MetricObserved Change
Deployment reliabilityImproved to ~95% success rate (from ~70% with manual processes)
Infrastructure provisioning timeReduced from hours/days to under 15 minutes via Terraform automation
Deployment frequencyIncreased from weekly to multiple releases per day
Configuration drift incidentsNear-zero — eliminated by GitOps continuous reconciliation
Pre-production vulnerability detection80% of findings caught before reaching staging
Manual kubectl operationsReduced to near-zero for routine deployments

Challenges and lessons learned

Navigating the CNCF ecosystem showed the risk of adopting too many overlapping tools early. The key lesson was to let architecture drive tooling decisions and defer additions like OpenTelemetry until the platform stabilized. Maintaining clear separation between infrastructure, platform, and application layers was essential for long-term maintainability. Early coupling of tools such as Argo CD and Istio with application code increased complexity and was later corrected by splitting repositories into different folders. GitOps improved consistency and traceability but introduced synchronization issues during repository restructuring.
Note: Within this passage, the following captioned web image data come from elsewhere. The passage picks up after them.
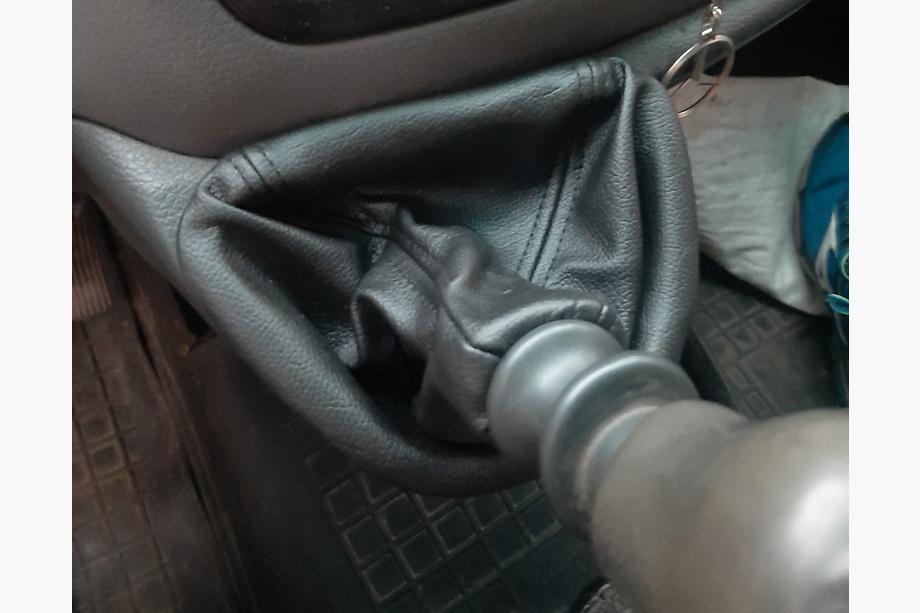 Mercedes Vito W639 2004–2014 Växelspaksdamask med OEM-ram (konstläder) Image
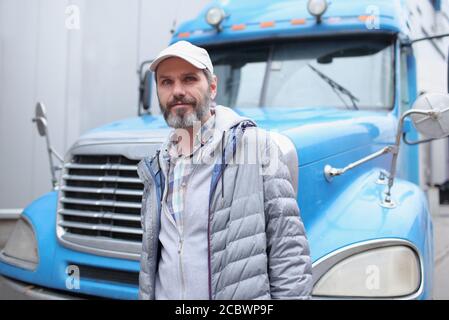 LKW-Fahrer in der Nähe von Retro-Stil LKW Stockfoto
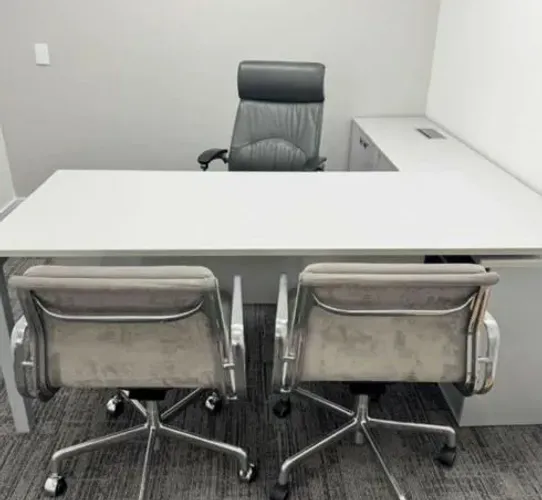 Mesa em L para escritório 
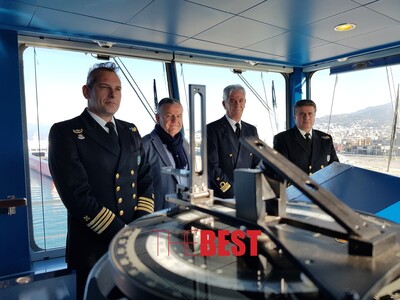 Ο Λιμενάρχης Πατρών ευχήθηκε στον καπετά...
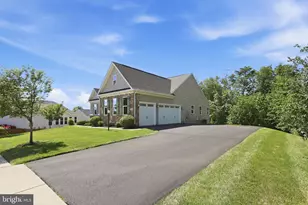 26867 Barnsley Pl, Chantilly, VA 20152 - Photo 2
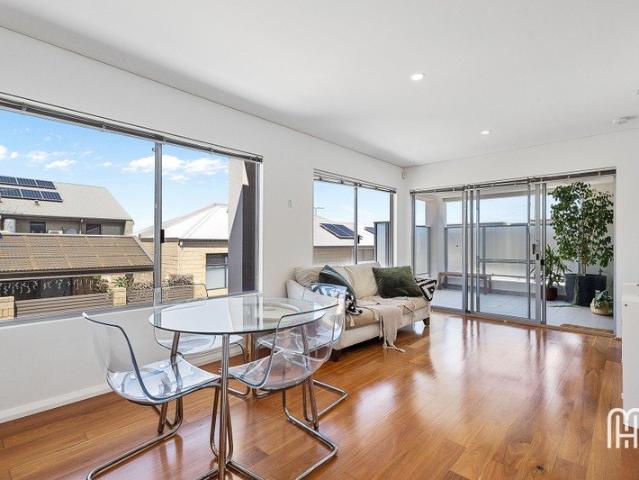 Apartment for sale in Stirling, Western Australia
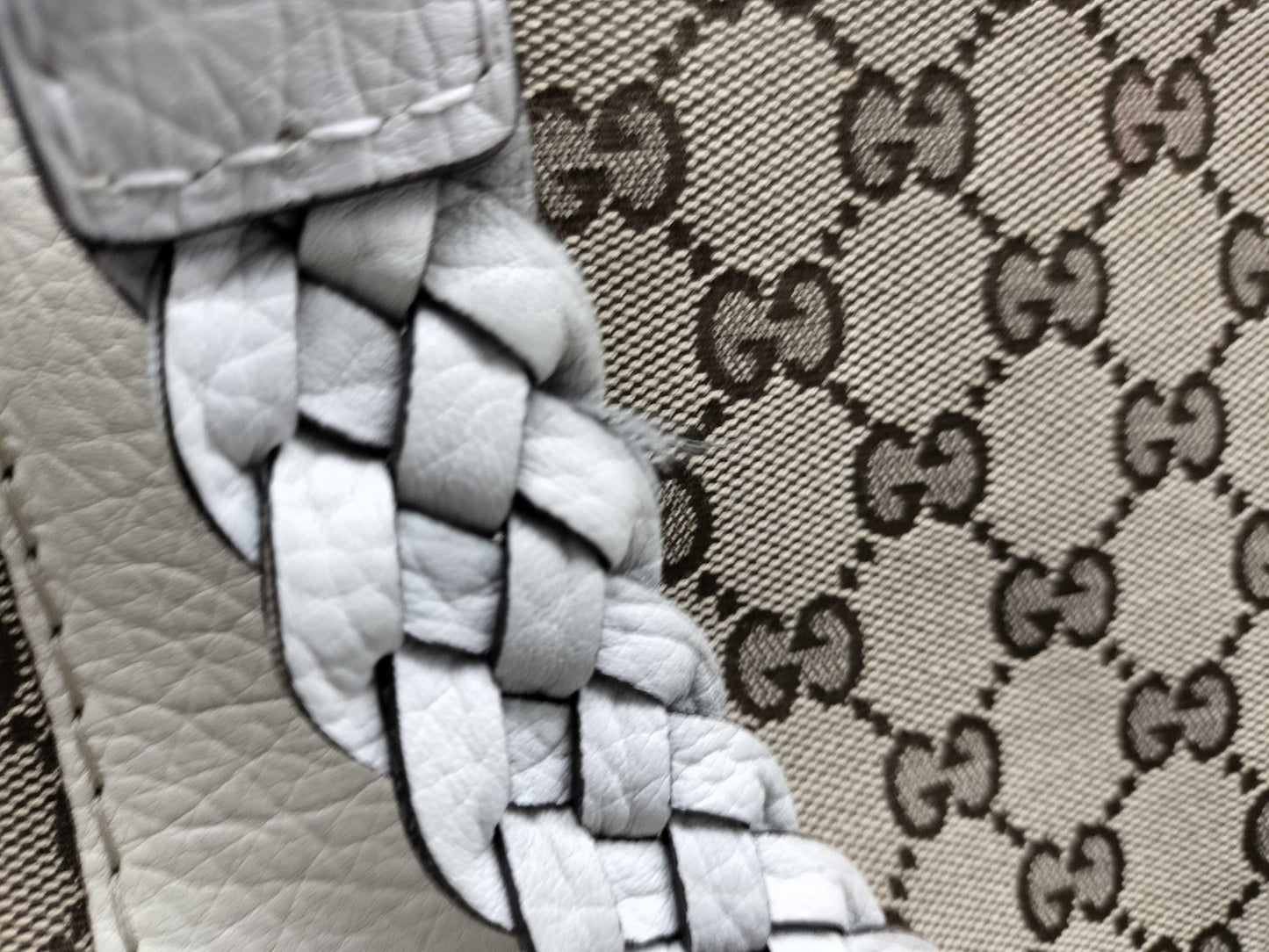 GUCCI GG Canvas Medium Bamboo Bar Tote Bag in Beige/Ivory with Monogram Canvas and Silver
These were resolved using Argo CD app-of-apps and application health checks. Moving security checks earlier in the pipeline—using Trivy and KubeSec immediately after build—improved feedback speed and reduced late-stage failures.

Conclusion

This architecture shows how Kubernetes and CNCF tools can be combined to build a secure, automated, and scalable platform, where the real value comes from how deployment, security, and observability work together as a system. The core design decisions are to establish clear layer separation early, integrate security from the start, and adopt GitOps with Argo CD from day one. Future improvements focus on multi-cluster management with Argo CD ApplicationSets, stronger policy enforcement using Kyverno, deeper zero-trust networking via Istio, and adding distributed tracing through OpenTelemetry integrated into the observability stack.